_ACTIVITY_
With the pictures omitted, set down exactly the lines from the one that contains "Matrace Bio 3 čtverec a půl Viadurini" through the last line of the data.

_PROVIDED RECORDS_

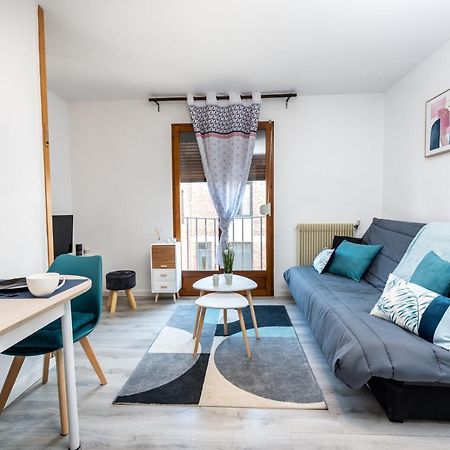 Ever Green Apartment Amiens Exterior foto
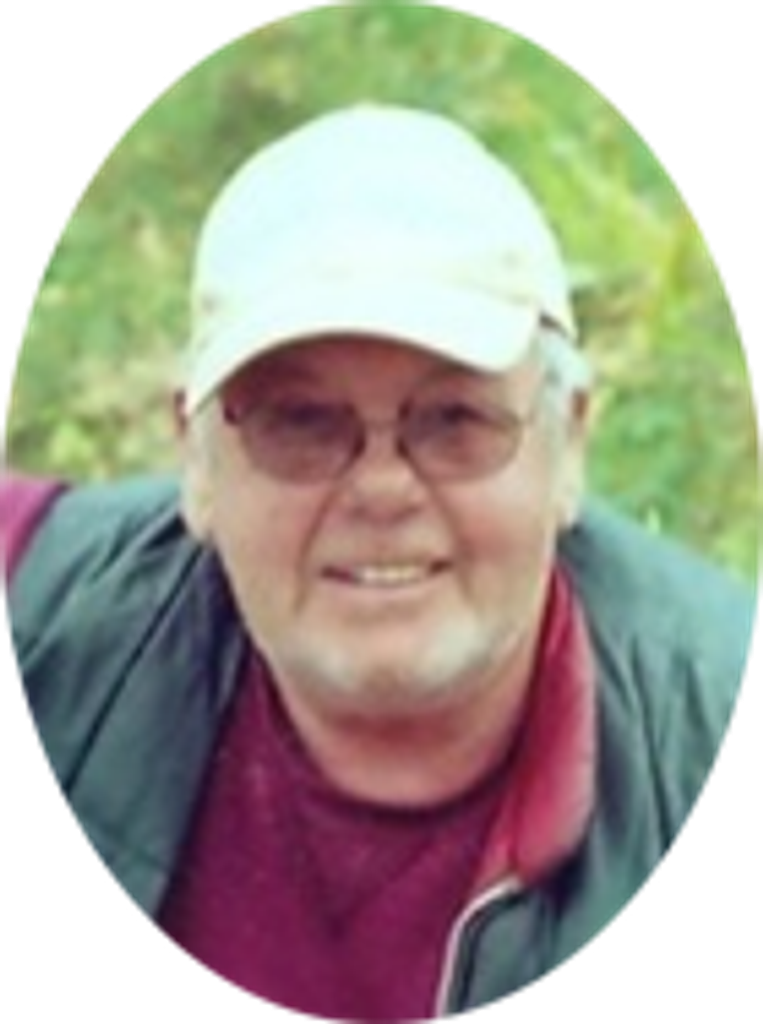 Douglas Mcdonald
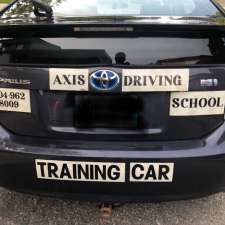 AXIS DRIVING SCHOOL | 201 Lake Village Rd, Winnipeg, MB R3T 4M7, Canada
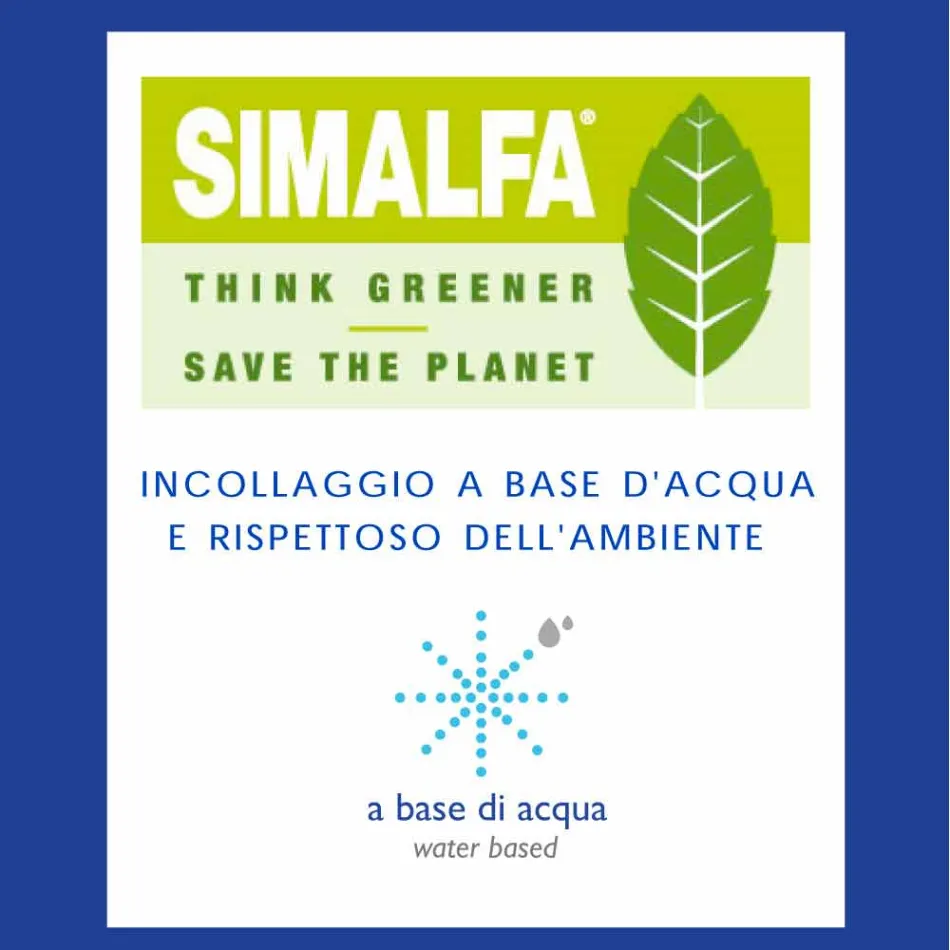 Matrace Bio 3 čtverec a půl Viadurini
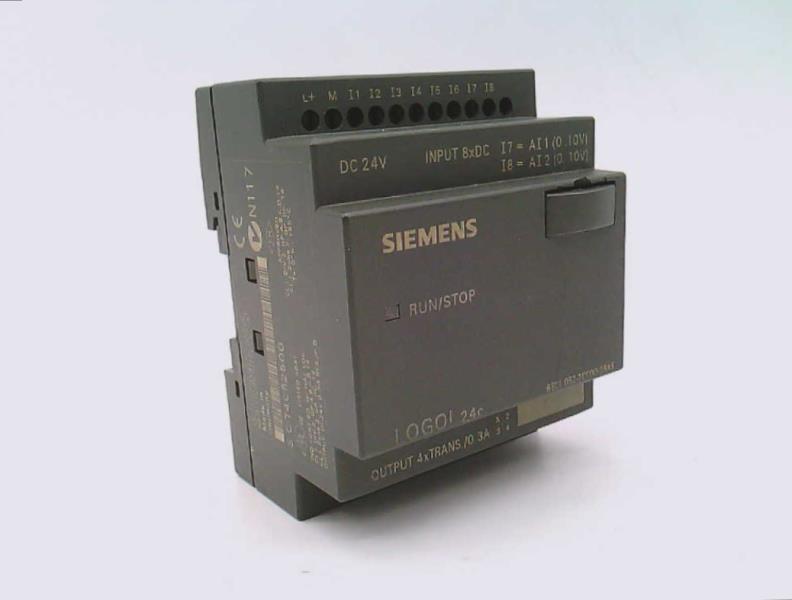 Load image into Gallery viewer, Siemens 6EC1010-2A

_EXERCISE OUTPUT_
 Matrace Bio 3 čtverec a půl Viadurini
 Load image into Gallery viewer, Siemens 6EC1010-2A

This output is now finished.